M. le président. Il s'agit donc des amendements n°s 12 rectifié et 13 rectifié bis.
La parole est à M. Thierry Foucaud, pour explication de vote sur l'amendement n° 25.
M. Thierry Foucaud. Qu'allons-nous faire des 180 000 emplois-jeunes ? Il faut ouvrir le débat, parler des véritables enjeux et non pas se contenter de citer quelques chiffres, comme ce fut le cas toute cette journée !
M. Philippe Marini, rapporteur général. Les collectivités locales n'ont pas vocation à embaucher tout le monde !
M. Thierry Foucaud.
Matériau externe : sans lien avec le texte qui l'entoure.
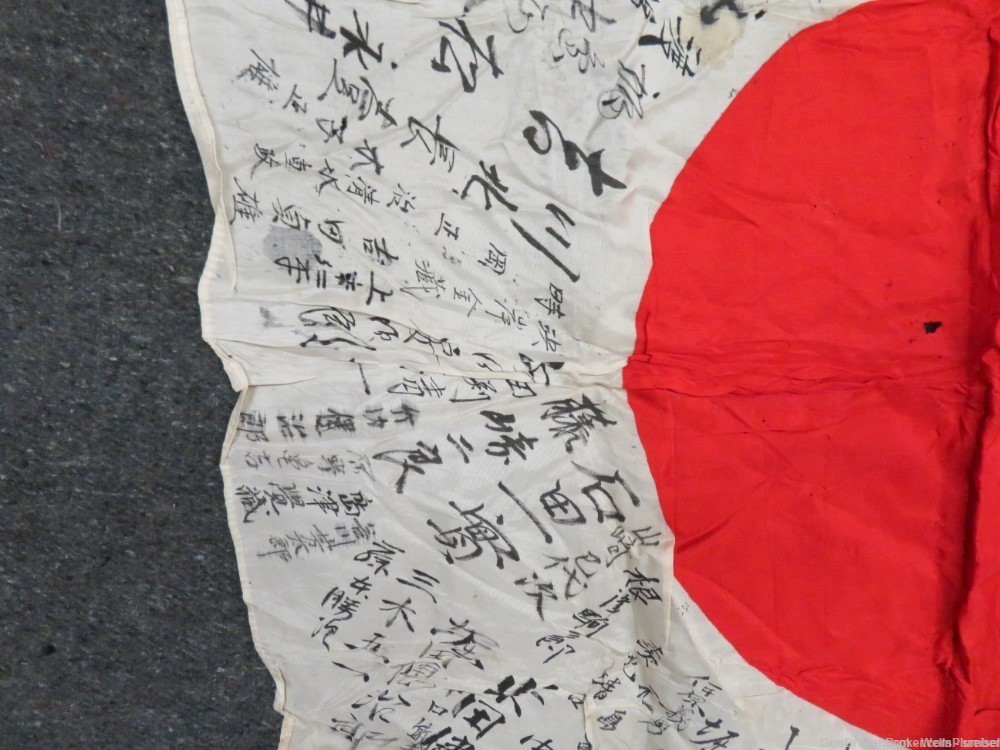 JAPANESE WW2 HINOMARU MEATBALL FLAG W/ SIGNED KANJI CHARACTERS-img-2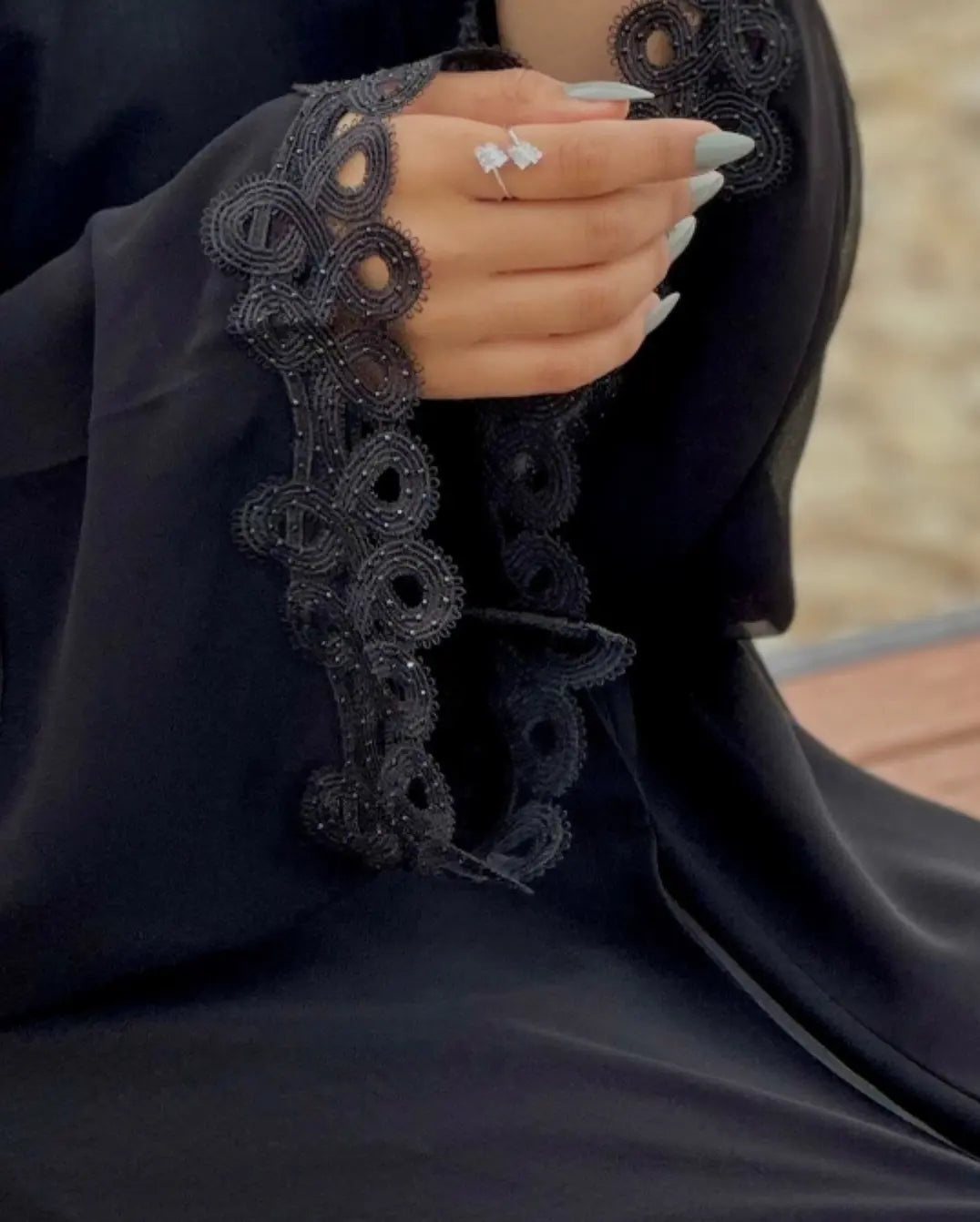 Chiffon Abaya with Lace - Perfect for the Workplace Z123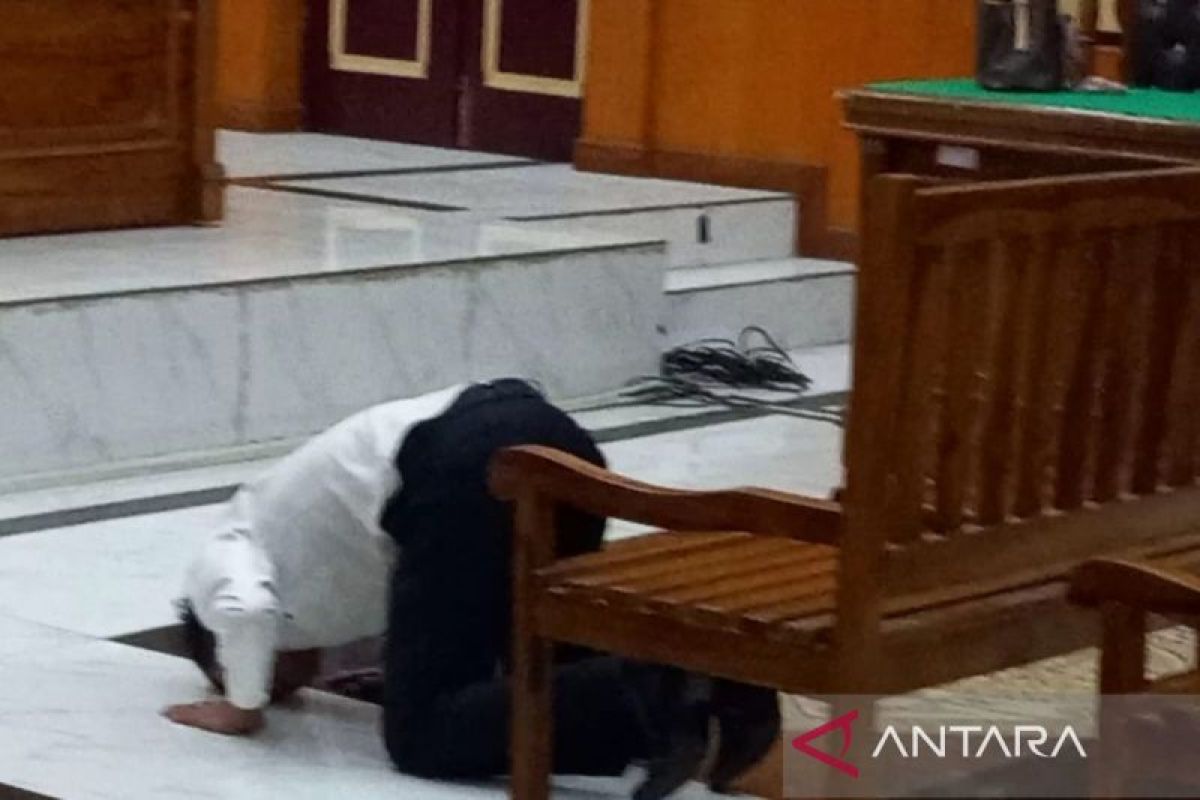 Divonis bebas, Hendra Batubara sujud syukur di Pengadilan Tipikor Medan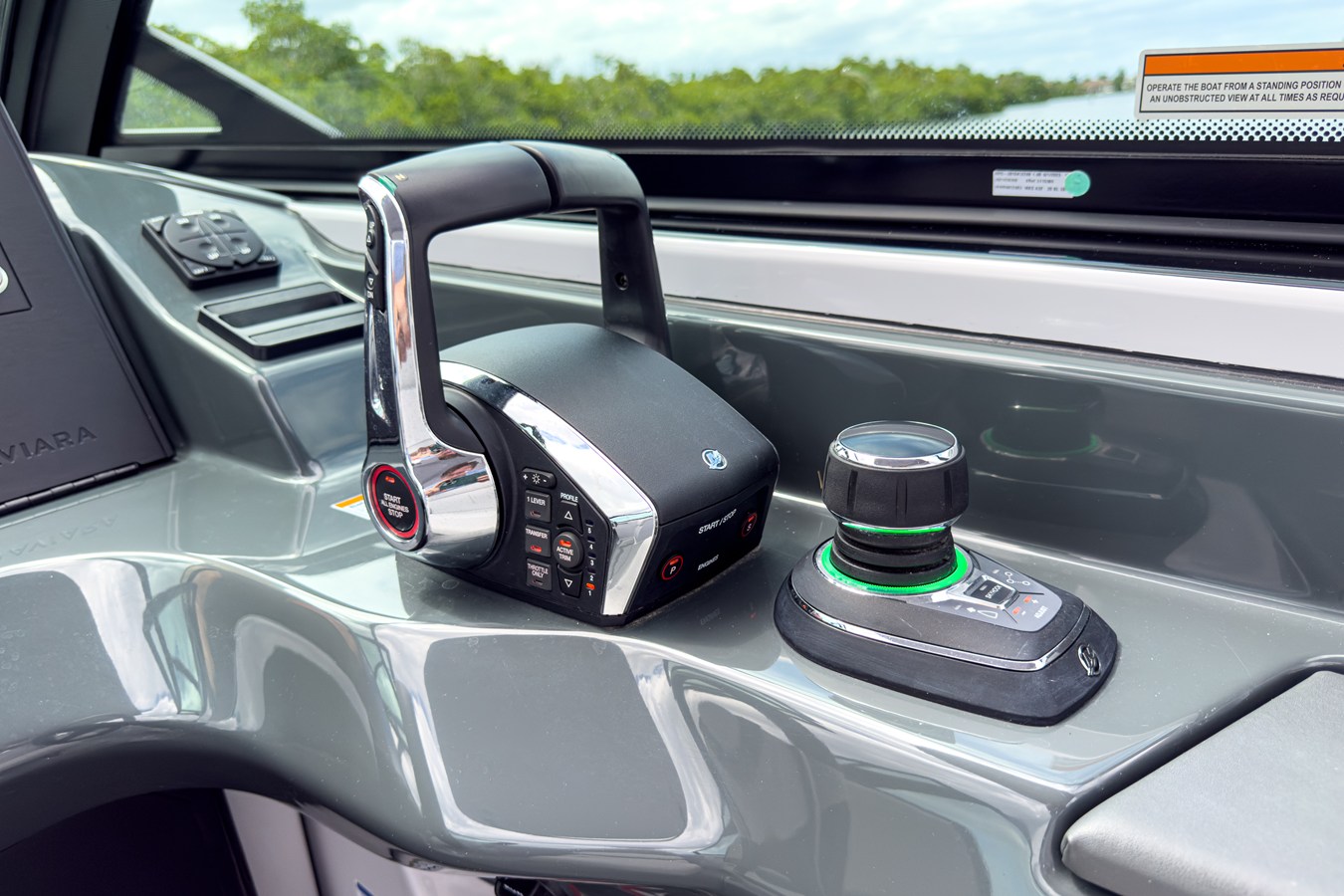 2024 Aviara AV32 Outboard 16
La question est d'autant plus importante que les jeunes concernés sont issus de ces quartiers ! Il faut aussi se demander comment nous allons aider ces quartiers en difficulté, surtout quand on sait que 58 millions d'euros de dépenses d'intervention du budget de la ville vont être annulés !
Tels sont les sujets sur lesquels le groupe CRC et moi-même aurions souhaité débattre à la fois avec la commission et le Gouvernement.
M. le ministre nous dit qu'il faut aider les entreprises dans les zones franches urbaines. Selon l'INSEE et d'autres organismes, cela ne rapporte rien en termes d'emplois. En fait, on s'aperçoit que rien n'est fait pour prolonger les emplois-jeunes, ce qui va laisser 180 000 jeunes « sur le carreau », notamment dans les quartiers difficiles. Et ce ne sont pas les 58 millions d'euros annulés qui leur permettront d'avoir une vie sociale digne dans ces quartiers !
M. le président. Je mets aux voix l'amendement n° 25.

(L'amendement n'est pas adopté.)
M. le président. Je mets aux voix l'amendement n° 12 rectifié.

(L'amendement est adopté.)
M. le président. Je mets aux voix l'amendement n° 13 rectifié bis .

(L'amendement est adopté.)
M. le président. Je mets aux voix l'article 44, modifié.